Getting Started with CUDA Graphs

Originally published at: https://developer.nvidia.com/blog/cuda-graphs/

The performance of GPU architectures continue to increase with every new generation. Modern GPUs are so fast that, in many cases of interest, the time taken by each GPU operation (e.g. kernel or memory copy) is now measured in microseconds. However, there are overheads associated with the submission of each operation to the GPU –…

Hi Alan,

Interesting post. I tried using the manual mode with some applications, and noticed the graph also can explore concurrent streams for the kernel nodes automatically. This is an interesting feature that applies beyond short runtime kernels, since I don't need the partitioning work anymore. I am wondering what other optimizations I can expect from such a graph implementation?

That’s a very good point. To achieve optimal performance for an application, you need to expose the parallelism inherent to that application as fully as possible. When using the manual method to create a CUDA graph, you do this by explicitly specifying dependencies, and the graph will be built with as many parallel branches as possible given these dependencies. When capturing a graph from CUDA streams, the parallelism will be the same as that of your original stream based code.
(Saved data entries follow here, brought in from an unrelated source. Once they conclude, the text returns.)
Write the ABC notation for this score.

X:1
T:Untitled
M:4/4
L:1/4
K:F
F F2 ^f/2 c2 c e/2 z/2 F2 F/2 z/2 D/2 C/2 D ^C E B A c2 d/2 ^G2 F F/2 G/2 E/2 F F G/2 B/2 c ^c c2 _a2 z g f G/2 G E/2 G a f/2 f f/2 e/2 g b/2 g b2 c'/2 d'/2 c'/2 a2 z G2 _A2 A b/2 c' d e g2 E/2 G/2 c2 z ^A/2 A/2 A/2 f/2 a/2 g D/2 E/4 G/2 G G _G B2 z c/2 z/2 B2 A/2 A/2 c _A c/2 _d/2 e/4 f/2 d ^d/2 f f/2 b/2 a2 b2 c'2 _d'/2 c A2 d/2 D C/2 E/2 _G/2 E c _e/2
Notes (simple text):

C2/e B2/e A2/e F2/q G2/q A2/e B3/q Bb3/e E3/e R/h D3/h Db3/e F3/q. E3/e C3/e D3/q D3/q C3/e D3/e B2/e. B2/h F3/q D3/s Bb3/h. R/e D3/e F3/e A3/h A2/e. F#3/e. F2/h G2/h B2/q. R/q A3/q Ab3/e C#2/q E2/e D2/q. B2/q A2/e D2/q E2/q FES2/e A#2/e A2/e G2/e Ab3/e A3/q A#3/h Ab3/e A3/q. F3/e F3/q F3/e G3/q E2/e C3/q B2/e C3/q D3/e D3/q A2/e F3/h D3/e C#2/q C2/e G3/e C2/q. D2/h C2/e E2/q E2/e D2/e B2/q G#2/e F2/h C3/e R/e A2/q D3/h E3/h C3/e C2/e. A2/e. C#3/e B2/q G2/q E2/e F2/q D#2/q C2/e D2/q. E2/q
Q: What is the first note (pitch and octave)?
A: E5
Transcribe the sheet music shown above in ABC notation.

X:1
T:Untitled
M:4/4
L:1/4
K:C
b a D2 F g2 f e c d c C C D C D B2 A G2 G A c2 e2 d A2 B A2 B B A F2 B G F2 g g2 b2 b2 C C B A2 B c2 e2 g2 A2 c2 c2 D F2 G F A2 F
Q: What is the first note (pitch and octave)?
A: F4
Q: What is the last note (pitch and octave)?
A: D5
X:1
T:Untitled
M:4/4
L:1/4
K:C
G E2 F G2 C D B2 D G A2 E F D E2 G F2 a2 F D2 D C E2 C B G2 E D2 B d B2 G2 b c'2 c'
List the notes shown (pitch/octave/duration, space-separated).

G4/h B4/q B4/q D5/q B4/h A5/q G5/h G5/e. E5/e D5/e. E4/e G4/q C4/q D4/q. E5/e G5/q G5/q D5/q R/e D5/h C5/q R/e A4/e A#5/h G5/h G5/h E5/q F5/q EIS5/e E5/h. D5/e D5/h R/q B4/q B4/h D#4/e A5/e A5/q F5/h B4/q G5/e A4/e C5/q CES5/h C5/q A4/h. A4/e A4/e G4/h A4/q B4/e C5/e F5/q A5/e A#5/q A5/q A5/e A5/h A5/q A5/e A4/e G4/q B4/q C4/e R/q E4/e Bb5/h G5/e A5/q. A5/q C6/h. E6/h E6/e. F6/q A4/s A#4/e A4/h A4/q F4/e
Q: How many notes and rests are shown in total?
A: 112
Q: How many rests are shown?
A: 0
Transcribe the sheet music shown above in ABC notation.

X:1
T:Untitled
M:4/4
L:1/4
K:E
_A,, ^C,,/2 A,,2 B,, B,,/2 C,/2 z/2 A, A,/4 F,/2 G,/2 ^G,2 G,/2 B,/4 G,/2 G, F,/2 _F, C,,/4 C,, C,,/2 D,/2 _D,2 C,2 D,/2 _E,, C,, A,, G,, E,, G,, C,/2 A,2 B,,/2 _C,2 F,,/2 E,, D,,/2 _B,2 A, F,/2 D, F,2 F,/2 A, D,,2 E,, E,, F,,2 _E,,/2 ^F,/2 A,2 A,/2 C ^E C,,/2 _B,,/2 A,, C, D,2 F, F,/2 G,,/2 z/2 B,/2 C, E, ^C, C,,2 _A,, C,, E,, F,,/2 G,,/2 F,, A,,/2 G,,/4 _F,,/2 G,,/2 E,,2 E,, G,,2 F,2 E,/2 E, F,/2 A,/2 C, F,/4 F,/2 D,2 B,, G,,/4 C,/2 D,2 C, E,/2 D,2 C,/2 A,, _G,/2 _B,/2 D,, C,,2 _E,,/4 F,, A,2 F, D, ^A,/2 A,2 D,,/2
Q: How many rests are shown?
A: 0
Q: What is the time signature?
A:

So if your stream-based code was already fully exposing the available parallelism, the graph would be exactly the same and there would be no benefit from building it manually. But in many cases, the manual approach may end up exposing extra available parallelism (as you found), possibly at the expense of more effort and code disruption (depending on the application). The best approach should be decided on a case by case basis, given the costs and benefits for that specific case.

What if I need to modify the kernel's parameter first before calling another kernel? What if I need to call cudaDeviceSynchronize before executing another child graph?

Hi Alan, I can't see the benefit in your example, and as I´ve understood the CUDAGraph purpose is to implement a "circuit" of kernels as an alternative of dynamic parallel processing. In the source of simpleCUDAGraphs sample it is much more clarify, but still I have not found a sufficiently instructive example. Could you please post a simple example of how to implement a Graph with different kernels and having graphs as nodes aswell as kernells? Thanks.

Hi Alan, is graph executor thread-safe? Can I have a centralized executor with multiple threads to submit graphs at the same time? I know graph is not thread-safe.

Can the CUDA stream record and capture build a graph that includes an Optix 7 optixLaunch() call? Optix 7 is CUDA compatible, but launches its own kernels, in a user selected stream.

Pat, just wanted to let you know that we're working on an answer. We'll get back to you soon.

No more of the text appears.